= Activity =
Give again, word for word, every line in the entries below from the line with "Clear Case for" up to and including the line with "Браслет металлический Naviforce", and no other line.
Segment Start: Exercise material
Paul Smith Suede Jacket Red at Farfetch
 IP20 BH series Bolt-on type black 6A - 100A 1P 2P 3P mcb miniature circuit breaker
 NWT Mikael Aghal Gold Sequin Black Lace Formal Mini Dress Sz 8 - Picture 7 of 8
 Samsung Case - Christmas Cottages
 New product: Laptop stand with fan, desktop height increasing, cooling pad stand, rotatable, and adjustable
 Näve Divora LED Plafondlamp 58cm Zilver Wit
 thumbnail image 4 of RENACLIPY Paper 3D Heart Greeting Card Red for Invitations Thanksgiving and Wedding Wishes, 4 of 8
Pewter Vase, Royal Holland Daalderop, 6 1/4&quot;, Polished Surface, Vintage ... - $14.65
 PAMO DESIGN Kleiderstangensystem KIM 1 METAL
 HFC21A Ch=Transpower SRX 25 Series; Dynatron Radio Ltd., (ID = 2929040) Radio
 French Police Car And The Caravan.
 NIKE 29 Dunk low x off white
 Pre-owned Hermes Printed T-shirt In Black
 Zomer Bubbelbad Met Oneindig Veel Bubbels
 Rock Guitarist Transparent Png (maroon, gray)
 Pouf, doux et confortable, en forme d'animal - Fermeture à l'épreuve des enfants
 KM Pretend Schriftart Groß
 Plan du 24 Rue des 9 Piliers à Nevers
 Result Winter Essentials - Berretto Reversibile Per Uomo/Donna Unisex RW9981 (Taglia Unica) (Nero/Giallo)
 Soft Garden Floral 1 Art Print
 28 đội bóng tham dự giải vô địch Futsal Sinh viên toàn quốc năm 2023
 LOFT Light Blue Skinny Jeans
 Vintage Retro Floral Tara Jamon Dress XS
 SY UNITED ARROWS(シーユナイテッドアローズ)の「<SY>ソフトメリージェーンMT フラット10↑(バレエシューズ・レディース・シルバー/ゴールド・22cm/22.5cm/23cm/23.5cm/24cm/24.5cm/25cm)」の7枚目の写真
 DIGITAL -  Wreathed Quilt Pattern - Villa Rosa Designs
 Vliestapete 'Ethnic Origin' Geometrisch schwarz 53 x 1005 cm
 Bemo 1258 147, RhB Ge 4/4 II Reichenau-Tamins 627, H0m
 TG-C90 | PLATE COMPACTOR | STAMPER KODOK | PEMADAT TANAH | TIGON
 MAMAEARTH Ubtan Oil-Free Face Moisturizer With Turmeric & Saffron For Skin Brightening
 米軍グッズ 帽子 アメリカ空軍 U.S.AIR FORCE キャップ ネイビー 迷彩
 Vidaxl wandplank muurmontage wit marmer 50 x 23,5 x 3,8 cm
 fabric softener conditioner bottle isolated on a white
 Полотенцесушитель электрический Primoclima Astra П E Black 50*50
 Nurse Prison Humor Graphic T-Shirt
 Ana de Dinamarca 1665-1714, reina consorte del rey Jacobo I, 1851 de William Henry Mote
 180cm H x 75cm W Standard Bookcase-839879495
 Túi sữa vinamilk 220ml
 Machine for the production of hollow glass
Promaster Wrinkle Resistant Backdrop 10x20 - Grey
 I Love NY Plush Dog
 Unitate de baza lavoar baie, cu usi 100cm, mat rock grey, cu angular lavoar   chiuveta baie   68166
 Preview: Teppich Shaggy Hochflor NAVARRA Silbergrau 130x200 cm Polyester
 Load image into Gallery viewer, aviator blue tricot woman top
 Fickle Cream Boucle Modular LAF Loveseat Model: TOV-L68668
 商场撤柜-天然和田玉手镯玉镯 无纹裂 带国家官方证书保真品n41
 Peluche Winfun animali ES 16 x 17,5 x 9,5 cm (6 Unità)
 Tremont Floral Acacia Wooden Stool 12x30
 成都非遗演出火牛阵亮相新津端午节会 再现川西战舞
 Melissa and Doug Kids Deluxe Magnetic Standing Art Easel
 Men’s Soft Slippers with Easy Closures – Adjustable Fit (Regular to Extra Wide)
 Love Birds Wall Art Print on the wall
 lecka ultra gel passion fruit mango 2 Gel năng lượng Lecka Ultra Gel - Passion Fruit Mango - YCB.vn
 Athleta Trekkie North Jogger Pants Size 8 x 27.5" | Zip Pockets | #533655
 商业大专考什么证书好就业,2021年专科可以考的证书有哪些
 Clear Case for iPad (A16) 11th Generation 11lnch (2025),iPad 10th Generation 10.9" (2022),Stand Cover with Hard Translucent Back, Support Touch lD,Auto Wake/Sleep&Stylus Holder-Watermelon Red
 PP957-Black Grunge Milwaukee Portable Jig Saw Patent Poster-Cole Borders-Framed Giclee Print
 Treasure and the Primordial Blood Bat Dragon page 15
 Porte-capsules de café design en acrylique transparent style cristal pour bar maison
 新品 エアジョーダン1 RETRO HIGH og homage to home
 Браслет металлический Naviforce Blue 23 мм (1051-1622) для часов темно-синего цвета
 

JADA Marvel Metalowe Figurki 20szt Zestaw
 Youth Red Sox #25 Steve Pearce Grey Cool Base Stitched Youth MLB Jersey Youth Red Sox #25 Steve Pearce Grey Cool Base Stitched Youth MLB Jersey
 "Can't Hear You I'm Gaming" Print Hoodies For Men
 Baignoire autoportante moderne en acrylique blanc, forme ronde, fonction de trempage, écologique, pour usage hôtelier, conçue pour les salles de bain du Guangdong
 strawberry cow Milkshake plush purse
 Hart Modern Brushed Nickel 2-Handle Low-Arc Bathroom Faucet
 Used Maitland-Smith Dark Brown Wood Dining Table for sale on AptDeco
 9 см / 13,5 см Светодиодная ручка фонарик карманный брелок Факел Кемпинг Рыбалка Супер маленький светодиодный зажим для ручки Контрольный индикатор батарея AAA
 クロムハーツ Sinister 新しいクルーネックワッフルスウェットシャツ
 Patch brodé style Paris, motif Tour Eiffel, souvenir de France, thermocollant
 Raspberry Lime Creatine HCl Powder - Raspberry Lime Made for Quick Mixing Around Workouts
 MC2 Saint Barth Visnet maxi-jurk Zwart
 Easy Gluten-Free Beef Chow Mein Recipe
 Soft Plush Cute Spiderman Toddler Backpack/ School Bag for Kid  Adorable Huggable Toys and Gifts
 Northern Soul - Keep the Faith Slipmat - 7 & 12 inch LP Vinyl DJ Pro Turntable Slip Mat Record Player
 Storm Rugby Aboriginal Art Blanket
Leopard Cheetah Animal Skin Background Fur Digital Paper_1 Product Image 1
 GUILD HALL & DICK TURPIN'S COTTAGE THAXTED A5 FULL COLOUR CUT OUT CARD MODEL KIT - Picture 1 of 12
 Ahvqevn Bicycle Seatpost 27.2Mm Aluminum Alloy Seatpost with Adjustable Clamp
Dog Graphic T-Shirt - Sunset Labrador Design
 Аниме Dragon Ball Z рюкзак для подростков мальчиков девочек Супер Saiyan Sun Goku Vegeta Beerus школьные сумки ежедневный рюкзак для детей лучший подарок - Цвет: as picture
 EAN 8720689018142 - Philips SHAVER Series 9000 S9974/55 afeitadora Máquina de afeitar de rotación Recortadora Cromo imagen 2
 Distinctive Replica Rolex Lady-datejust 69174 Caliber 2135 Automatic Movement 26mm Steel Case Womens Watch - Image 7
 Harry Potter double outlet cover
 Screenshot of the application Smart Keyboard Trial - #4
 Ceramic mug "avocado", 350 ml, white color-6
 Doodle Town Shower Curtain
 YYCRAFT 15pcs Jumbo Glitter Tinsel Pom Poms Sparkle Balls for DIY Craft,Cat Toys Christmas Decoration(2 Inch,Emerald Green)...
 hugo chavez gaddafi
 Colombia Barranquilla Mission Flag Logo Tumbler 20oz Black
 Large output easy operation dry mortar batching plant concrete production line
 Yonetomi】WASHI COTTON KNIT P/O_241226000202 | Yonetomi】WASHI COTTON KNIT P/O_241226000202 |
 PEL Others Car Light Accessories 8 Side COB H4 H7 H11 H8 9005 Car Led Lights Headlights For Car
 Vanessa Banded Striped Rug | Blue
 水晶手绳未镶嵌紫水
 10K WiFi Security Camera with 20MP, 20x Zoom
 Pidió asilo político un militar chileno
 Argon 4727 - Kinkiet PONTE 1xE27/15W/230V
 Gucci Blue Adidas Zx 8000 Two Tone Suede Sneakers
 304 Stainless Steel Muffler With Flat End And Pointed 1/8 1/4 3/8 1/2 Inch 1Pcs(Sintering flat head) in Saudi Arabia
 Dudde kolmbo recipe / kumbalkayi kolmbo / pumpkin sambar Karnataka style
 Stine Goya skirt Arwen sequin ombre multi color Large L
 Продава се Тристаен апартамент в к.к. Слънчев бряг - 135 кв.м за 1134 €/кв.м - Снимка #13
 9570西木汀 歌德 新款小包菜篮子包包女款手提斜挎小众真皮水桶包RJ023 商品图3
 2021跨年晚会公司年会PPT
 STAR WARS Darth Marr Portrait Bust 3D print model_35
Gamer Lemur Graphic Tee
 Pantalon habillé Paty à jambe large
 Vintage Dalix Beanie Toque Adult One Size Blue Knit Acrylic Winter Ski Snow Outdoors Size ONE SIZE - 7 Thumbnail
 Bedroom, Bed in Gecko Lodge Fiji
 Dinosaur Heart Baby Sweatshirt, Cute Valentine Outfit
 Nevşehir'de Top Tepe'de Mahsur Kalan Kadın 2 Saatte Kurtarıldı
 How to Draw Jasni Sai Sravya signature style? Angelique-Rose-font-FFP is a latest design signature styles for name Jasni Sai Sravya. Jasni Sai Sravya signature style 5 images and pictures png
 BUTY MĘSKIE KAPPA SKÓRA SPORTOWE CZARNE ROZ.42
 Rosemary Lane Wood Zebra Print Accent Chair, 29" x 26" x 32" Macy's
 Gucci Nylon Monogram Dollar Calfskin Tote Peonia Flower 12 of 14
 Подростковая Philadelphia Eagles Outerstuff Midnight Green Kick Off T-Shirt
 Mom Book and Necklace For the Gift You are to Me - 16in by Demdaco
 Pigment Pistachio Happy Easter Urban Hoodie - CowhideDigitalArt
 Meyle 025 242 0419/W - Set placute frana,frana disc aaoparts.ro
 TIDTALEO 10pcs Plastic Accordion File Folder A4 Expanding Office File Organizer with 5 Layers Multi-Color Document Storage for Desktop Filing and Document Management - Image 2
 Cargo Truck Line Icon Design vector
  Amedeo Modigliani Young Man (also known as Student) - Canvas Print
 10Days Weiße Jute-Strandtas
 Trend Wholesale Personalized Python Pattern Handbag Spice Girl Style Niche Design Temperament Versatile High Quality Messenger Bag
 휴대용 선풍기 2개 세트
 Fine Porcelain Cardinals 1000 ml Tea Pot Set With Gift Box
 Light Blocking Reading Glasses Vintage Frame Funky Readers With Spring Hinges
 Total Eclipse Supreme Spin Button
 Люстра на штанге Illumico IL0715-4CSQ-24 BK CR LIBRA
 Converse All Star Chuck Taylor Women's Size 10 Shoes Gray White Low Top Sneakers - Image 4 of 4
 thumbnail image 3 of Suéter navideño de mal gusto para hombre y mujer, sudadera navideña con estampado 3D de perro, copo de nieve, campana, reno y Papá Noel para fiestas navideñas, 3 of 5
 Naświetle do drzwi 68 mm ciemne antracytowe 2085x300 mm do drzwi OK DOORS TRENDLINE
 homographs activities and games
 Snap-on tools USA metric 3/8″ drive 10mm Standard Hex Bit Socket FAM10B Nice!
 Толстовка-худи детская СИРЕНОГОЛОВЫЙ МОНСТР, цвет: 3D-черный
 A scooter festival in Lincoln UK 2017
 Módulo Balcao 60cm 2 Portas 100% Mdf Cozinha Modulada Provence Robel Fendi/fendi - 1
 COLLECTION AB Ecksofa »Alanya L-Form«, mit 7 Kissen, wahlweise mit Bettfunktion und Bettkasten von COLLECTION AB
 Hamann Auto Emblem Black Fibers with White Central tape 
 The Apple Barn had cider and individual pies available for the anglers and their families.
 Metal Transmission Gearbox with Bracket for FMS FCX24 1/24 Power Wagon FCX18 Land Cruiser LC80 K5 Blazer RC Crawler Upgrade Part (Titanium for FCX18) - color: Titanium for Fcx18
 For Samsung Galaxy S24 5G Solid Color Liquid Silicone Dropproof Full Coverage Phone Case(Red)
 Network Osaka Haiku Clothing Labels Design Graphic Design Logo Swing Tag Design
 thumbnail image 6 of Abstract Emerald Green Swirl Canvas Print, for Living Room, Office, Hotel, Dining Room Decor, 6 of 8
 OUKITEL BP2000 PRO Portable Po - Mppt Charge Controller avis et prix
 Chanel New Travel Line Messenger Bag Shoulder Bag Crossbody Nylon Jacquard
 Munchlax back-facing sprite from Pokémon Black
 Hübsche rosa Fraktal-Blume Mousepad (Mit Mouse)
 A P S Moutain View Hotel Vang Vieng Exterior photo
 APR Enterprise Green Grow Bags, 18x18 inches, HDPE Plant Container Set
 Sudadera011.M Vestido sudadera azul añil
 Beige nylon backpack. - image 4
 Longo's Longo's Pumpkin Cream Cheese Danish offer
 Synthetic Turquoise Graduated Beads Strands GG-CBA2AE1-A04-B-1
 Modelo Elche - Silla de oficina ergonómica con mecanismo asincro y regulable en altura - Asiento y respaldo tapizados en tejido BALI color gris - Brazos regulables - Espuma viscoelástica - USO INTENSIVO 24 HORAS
Segment End: Exercise material
= Your solution =
 Clear Case for iPad (A16) 11th Generation 11lnch (2025),iPad 10th Generation 10.9" (2022),Stand Cover with Hard Translucent Back, Support Touch lD,Auto Wake/Sleep&Stylus Holder-Watermelon Red
 PP957-Black Grunge Milwaukee Portable Jig Saw Patent Poster-Cole Borders-Framed Giclee Print
 Treasure and the Primordial Blood Bat Dragon page 15
 Porte-capsules de café design en acrylique transparent style cristal pour bar maison
 新品 エアジョーダン1 RETRO HIGH og homage to home
 Браслет металлический Naviforce Blue 23 мм (1051-1622) для часов темно-синего цвета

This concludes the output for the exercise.